We read in 1QS 8.12b-16b: “…they (community members) shall separate from the habitations [of] ungodly men and shall go into the wilderness to prepare the way of Him; as it is written, ‘Prepare in the wilderness the way of… make straight in the desert a path for our God. This is the study of the Law which He commanded by the hand of Moses… and as the Prophets have revealed by His Holy Spirit.’”
In fact, the term “Holy Spirit” rarely appears in the Hebrew Bible or other Jewish literature, with two notable exceptions – the New Testament Gospels and the writings found in Dead Sea Scrolls discovery at Qumran.
John appeared, baptizing in the wilderness and proclaiming a baptism of repentance for the forgiveness of sins. And all the country of Judea and all Jerusalem were going out to him and were being baptized by him in the river Jordan, confessing their sins. – Mark 1:4-5
Could it be that John the Baptist once belonged to the Qumran community?
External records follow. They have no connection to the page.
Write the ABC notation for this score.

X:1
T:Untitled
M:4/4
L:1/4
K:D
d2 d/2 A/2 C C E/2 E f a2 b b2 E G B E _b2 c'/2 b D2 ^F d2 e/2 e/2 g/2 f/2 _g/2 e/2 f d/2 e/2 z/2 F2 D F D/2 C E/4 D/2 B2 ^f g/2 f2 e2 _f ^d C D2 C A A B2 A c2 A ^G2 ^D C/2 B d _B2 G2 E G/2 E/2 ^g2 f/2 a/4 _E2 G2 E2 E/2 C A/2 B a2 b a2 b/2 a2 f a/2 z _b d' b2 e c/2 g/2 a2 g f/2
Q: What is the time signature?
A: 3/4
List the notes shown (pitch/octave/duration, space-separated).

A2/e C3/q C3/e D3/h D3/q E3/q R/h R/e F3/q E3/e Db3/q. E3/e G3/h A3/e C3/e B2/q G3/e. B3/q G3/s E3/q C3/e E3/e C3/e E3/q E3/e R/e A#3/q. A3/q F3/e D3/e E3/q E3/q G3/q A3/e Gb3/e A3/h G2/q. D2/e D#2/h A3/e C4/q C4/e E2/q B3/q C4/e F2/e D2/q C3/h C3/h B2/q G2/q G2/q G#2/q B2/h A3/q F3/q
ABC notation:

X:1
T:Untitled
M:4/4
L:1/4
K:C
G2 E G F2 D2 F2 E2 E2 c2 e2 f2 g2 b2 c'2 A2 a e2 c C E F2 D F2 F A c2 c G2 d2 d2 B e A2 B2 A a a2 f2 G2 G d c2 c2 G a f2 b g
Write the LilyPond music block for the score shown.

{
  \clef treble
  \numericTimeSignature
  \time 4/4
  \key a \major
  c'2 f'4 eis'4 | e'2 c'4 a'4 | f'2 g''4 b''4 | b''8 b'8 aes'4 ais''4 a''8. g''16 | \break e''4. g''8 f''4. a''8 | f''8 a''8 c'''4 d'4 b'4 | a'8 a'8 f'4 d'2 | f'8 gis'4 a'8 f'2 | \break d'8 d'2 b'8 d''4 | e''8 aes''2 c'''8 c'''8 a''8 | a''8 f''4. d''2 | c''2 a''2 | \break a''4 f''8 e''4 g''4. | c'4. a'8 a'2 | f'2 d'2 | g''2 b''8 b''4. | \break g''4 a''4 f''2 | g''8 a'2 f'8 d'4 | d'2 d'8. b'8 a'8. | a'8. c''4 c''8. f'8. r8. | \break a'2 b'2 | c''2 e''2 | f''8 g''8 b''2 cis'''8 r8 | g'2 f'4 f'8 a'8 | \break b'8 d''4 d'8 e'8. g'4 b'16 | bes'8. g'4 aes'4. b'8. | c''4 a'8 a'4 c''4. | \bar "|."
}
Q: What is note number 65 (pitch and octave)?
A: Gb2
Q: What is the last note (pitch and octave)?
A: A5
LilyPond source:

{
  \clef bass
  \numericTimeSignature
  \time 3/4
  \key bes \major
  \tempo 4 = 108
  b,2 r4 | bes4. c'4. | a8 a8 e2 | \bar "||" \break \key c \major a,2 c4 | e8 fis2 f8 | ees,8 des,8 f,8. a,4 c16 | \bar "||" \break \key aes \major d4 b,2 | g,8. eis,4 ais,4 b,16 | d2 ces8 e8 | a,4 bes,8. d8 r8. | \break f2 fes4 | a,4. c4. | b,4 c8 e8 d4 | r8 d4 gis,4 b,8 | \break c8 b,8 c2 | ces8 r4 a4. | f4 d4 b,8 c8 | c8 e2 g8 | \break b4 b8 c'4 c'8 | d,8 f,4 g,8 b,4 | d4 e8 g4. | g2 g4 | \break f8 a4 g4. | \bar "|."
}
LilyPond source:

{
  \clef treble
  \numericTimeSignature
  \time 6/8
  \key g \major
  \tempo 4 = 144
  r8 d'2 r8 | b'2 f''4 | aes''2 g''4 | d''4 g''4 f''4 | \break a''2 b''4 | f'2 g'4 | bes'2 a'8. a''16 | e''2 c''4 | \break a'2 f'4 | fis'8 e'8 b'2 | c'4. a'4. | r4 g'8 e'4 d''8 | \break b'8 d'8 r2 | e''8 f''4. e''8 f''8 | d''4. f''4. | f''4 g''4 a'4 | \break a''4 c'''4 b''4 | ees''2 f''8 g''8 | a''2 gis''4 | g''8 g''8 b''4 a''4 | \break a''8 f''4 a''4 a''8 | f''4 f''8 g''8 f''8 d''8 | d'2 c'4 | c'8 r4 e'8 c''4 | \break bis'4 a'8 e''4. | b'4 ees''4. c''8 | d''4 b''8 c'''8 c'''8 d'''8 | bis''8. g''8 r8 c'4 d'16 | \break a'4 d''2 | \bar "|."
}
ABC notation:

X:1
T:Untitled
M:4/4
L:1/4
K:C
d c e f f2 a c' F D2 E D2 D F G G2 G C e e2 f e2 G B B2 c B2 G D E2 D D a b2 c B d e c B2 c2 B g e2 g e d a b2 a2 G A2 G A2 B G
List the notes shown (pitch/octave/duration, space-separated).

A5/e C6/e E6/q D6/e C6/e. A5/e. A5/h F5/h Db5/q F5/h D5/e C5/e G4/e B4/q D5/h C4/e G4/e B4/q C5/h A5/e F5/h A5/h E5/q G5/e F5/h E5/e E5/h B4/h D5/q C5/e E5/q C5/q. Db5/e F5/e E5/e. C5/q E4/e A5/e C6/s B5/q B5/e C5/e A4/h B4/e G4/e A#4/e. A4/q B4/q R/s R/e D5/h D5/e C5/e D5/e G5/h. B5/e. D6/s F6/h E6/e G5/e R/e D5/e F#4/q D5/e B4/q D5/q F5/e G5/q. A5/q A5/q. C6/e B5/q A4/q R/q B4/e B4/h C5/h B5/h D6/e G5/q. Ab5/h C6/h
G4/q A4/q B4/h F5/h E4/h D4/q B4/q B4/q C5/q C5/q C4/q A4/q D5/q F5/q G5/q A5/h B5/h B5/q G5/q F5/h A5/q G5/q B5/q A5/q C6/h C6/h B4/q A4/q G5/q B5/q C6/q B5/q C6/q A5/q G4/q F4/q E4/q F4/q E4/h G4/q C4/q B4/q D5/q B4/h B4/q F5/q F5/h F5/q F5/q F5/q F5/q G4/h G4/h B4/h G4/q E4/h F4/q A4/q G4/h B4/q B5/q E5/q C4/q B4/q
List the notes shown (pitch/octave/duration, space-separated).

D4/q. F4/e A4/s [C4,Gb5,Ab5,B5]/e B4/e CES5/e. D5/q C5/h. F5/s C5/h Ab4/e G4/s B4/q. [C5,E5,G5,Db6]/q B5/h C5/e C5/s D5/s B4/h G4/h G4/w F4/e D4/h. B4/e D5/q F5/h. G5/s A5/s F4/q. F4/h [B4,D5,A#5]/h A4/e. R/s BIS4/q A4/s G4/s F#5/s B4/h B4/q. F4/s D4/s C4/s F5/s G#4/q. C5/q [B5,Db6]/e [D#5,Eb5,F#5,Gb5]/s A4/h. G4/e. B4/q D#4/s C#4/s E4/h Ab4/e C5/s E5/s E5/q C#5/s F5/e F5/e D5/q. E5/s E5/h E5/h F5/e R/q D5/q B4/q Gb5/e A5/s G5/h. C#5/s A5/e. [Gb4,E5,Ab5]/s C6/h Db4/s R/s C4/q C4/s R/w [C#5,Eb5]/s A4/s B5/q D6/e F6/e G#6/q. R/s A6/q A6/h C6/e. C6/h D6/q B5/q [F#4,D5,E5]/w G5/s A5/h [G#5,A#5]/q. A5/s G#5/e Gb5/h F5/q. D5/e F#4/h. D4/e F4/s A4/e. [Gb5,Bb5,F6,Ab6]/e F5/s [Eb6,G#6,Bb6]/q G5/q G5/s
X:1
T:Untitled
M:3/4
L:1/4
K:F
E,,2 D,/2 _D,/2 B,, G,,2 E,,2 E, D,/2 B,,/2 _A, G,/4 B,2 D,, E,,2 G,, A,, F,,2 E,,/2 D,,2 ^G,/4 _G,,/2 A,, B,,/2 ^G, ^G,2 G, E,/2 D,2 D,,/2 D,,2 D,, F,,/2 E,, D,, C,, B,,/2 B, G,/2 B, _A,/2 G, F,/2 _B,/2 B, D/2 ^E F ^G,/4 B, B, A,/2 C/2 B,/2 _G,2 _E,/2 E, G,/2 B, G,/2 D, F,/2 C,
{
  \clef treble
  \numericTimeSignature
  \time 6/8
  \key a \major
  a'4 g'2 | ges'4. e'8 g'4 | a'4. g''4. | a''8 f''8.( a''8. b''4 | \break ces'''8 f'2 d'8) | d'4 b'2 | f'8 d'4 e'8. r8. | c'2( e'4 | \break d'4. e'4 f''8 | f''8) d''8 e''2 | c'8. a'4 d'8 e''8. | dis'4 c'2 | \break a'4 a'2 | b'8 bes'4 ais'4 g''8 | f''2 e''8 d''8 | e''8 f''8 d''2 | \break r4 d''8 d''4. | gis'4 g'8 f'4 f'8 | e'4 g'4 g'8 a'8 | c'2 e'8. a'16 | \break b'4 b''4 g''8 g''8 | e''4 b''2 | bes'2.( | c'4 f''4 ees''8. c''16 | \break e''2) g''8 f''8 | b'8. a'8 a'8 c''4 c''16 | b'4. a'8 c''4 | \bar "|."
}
Yes, his emphasis on the water purification ceremony, his priestly origins, his ascetic lifestyle, his near-identical missional justification (the voice in the wilderness), his curious diet (which we will discuss next), his apocalyptic message, as well as his general location (he baptized not that far away from Qumran) would certainly seem to lead us in this direction.
Was John the Baptist/Baptizer a Qumranite by affiliation when he carried out his ministry? Most certainly not! Qumran had a very stringent leadership structure. John, as best we can tell, worked alone. It is, therefore, much safer to conclude that John may have had an earlier connection with Qumran (as one Qumran reference very tentatively suggests) and then, over a period of time, parted company with them completely, developing his own ministry in a different direction (albeit not that far removed!).
We must not forget that our knowledge of ancient Jewish movements is still fragmentary. It is entirely possible that John was affiliated in some way with another (unknown to us) movement of Jews calling other Jews to repentance. His affiliation is not the point. The fact that this ‘voice of the one calling in the wilderness” breathed the same first-century, religious Jewish air of the time certainly is.